まさか、彼女に渡す機会があるとは思いもしなかったけれど。
もらっていいものかと、手を出すのを躊躇う彼女の手を零はそっと引き寄せると、ドロップを握らせた。正体を明かせない代わりに――
「これ食べて、頑張ってね。でも、無理しちゃ駄目だよ。
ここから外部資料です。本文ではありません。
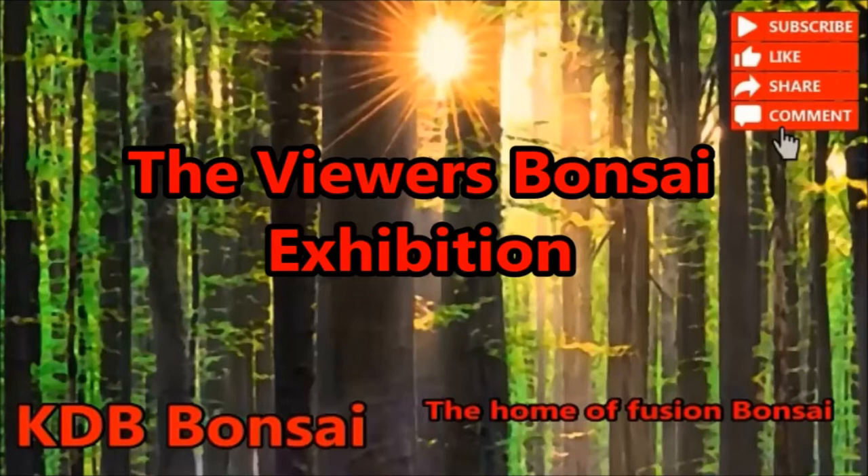Hello everybody and welcome to the Viewers Bonsai exhibition number two. Lots of pictures of nice trees were sent to me, so let's have a look.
熱心なのはいいけど、たまには息抜きも必要だからね」
零は穏やかな声で囁くと、心からの笑みを浮かべた。
彼女も何とか精一杯の笑顔と感謝の言葉を返してくれた。
「あ、ありがとう……ございます」
「どういたしまして。じゃあ、またね」
最後にそう告げたのは……。この想いが叶わなかったとしても、同じ夢を抱いていればいつか必ず――そう思いたかったのかもしれない。
でも、結局それは叶わなかった。
高校を卒業したら渡英することが決まっていたからだ。
だからこそ、忘れられなかったのかもしれない。